It is ridiculous how much better drinking water before and during a long flight makes me feel during and after. I try to carry a packable water bottle (like this) with me when I travel, but when I forget it, it's well worth the inflated price to buy a bottle of water post-security.

I strongly prefer not to check luggage unless I'm traveling for more than a week, and I love my Tom Bihn Tri-Star. It holds everything I need and then some, I've never had it denied as a carry-on even on tiny regional jets, it's well-organized, it's comfortable to carry backpack-style even when it's stuffed full, and it's ridiculously durable. I've had mine for 3 years and it's survived heavy travel and two weeks of severe abuse while it was lost luggage, and it's still in excellent shape.

Which reminds me: Label the crap out of your luggage, even carry-ons. External tags and labels can disappear, so include an internal one, too. It'll get back to you much sooner if it gets lost in the system.

I will Nth the advice about having a separate set of travel toiletries and cosmetics. And if you wear makeup, consider streamlining your routine for travel. For instance, I've found a BB cream I like so I don't have to carry both foundation and moisturizer, and I pack a versatile, forgiving lipstick that I don't need to use a liner or primer with. I started doing all that at the beginning of last year, which was a very heavy travel year for me, and it's made packing and unpacking a lot easier.

Make use of your hotel's free-but-for-tips luggage storage, particularly when check-in and check-out times don't line up with your plans.

Carry plenty of small bills for tipping.

If you menstruate, consider getting a Diva Cup or similar menstrual cup, it's so much less hassle. In general, but particularly while traveling.
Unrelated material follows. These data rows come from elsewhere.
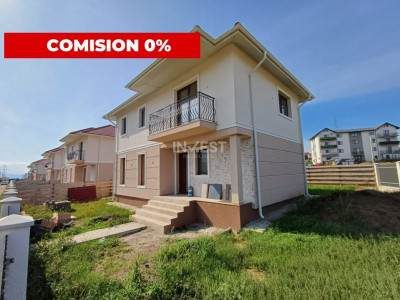 CASA INDIVIDUALA, 4 CAMERE, 2 BAI, COMISION 0%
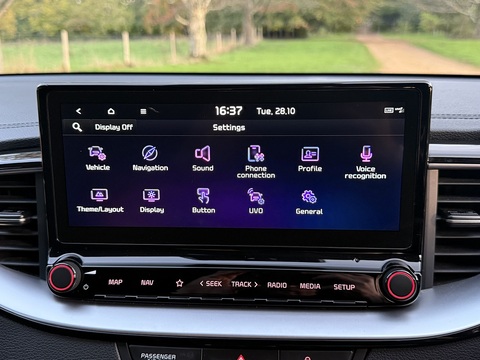 1.4 T-GDi 3 Sportswagon 5dr Petrol DCT Euro 6 (s/s) (138 bhp)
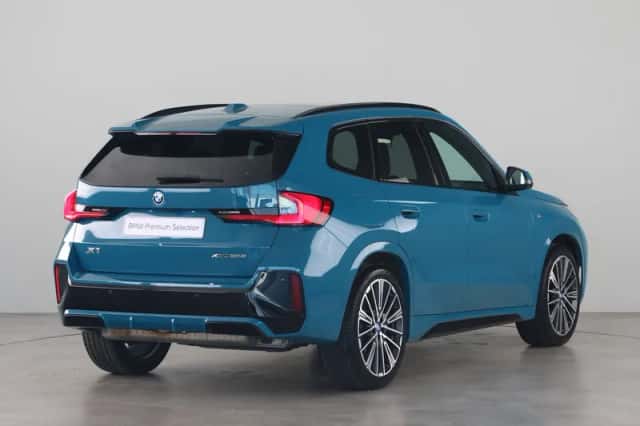 BMW X1 (2025) thumbnail 5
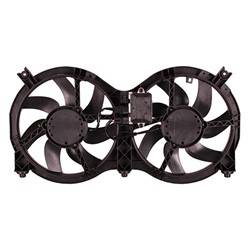 LKQ - '13 INFINITI JX35, '14-'20 INFINITI QX60, '13-'20 Nissan Pathfinder Dual Fan Assembly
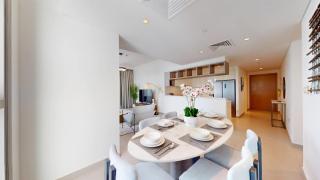 Vacationer Holiday Homes I Luxury 3 Bedroom Apartment I Iconic Burj Khalifa View I Heart of Downtown - 2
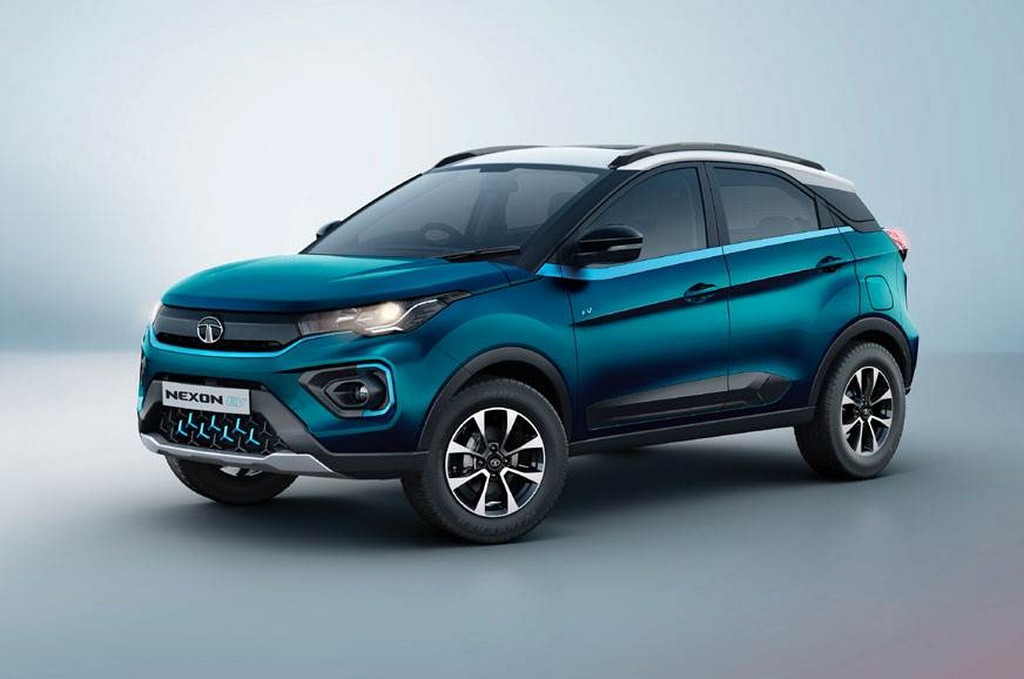 TATA NEXON EV, foto 1
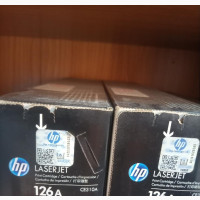 HP 126A Original Toner Cartridge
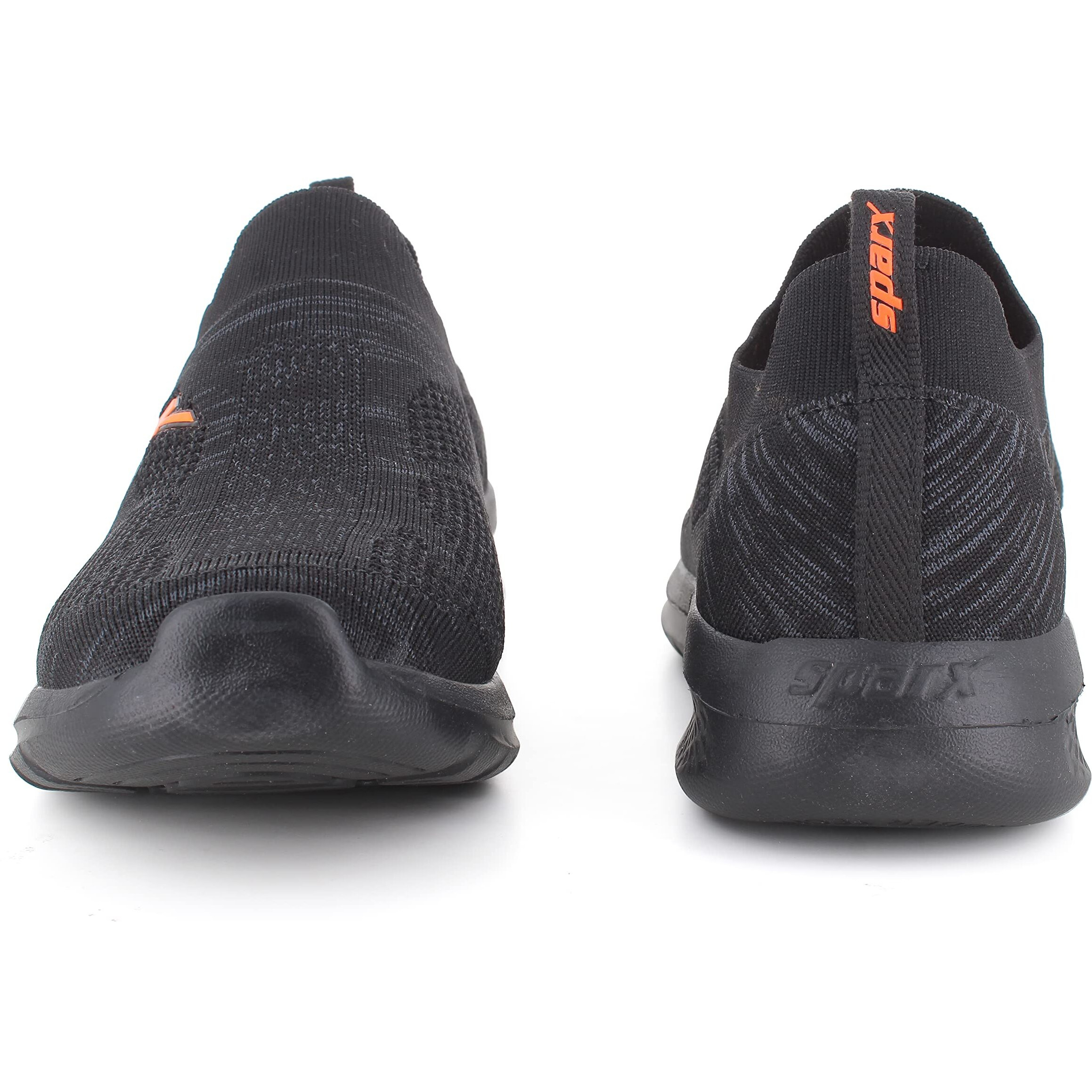 Sparx Mens SM 791 | Enhanced Durability & Soft Cushion | Black Running Shoe - 8 UK (SM 791)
No consumable sanitary supplies to carry with you or have to search for in a strange place, and since most people can wear it for 12 hours before emptying it, no dealing with the awkwardness of changing a tampon in the airplane restroom or National Park portapotties.

This may not be feasible if you're traveling for business, but I've been leaving my laptop at home more and more often when I travel. I do bring my smartphone and my tablet, and those more than suffice for looking up directions and reviews, buying tickets and booking rooms, entertainment, and staying in contact with people. Not packing my laptop means I don't have to deal with it at security, my carry-on luggage is 4+ lbs lighter, my charger isn't taking up the weird space it takes up, I don't worry about loss or damage (or privacy), and I'm not tempted to waste vacation time browsing Metafilter.

That said, a little downtime during vacations and travel is a good thing, too. Don't feel bad about sleeping in one morning, or spending some time reading on the balcony, or lingering over brunch instead of packing something active into every waking minute. I always enjoy myself much more when I take a little me-time, even on short trips and business trips.
posted by rhiannonstone at 6:03 PM on March 20, 2015 [3 favorites]


When I pack up myself, husband, two kids and sometimes two dogs, we are often staying with relatives. I get stressed over how much of a mess/ imposition we are putting on our hosts. One of the things I do to mitigate the mess is to bring a small, collapsible clothes hamper so we can at least corral the dirty clothes. I also bring those 3M Command Strips to put up in the bathroom, where we hang up our excess towels and washrags (usually above our hosts' usual capacity for those items).
posted by Jane Austen at 6:28 PM on March 20, 2015 [1 favorite]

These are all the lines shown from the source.